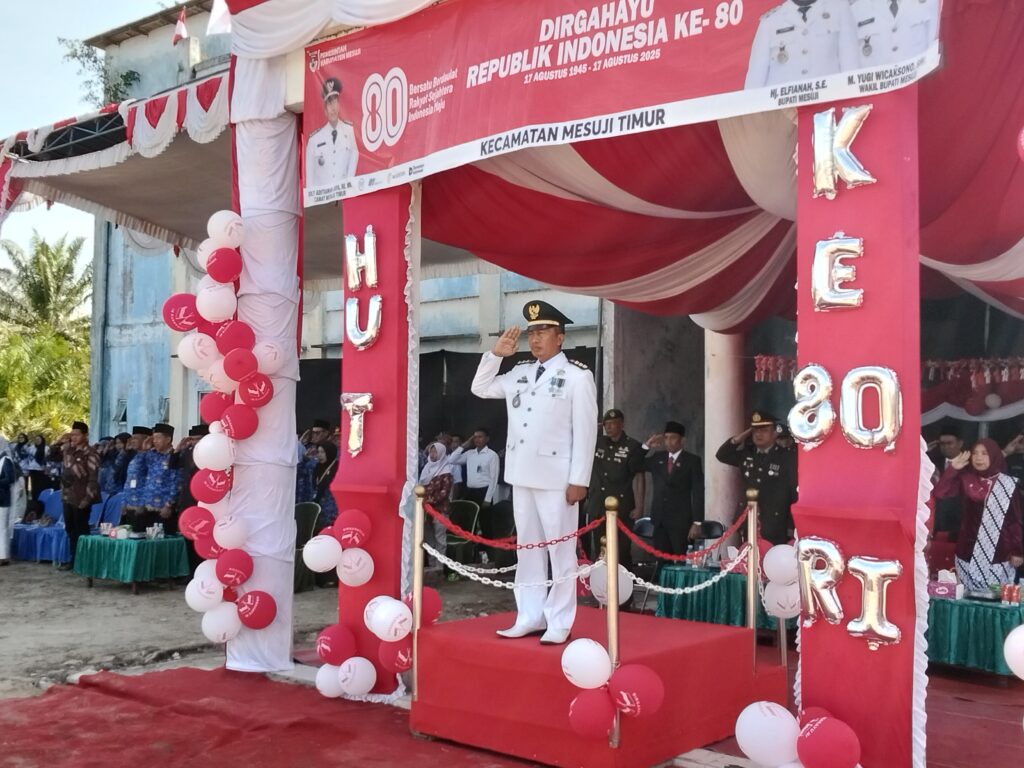 ​Kecamatan Mesuji Timur Gelar Ragam Lomba Meriahkan HUT Ke-80 RI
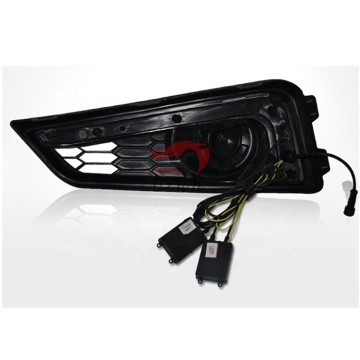City 2014-2015 auto light head light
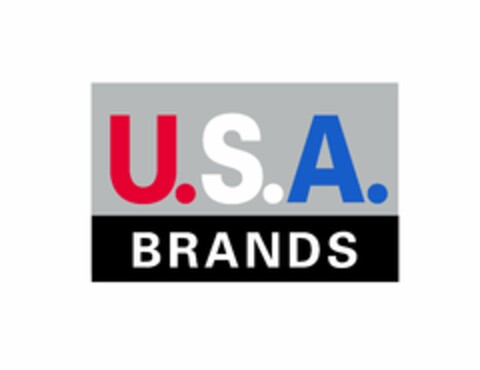 U.S.A. BRANDS Logo (USPTO, 23.03.2009)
----------
### WHAT TO DO
For this exercise, transcribe exactly only the lines from the one containing "City 2014-2015 auto light head light" through the end of the listing, inclusive, without the pictures.

### WRITTEN SOLUTION
City 2014-2015 auto light head light
 U.S.A. BRANDS Logo (USPTO, 23.03.2009)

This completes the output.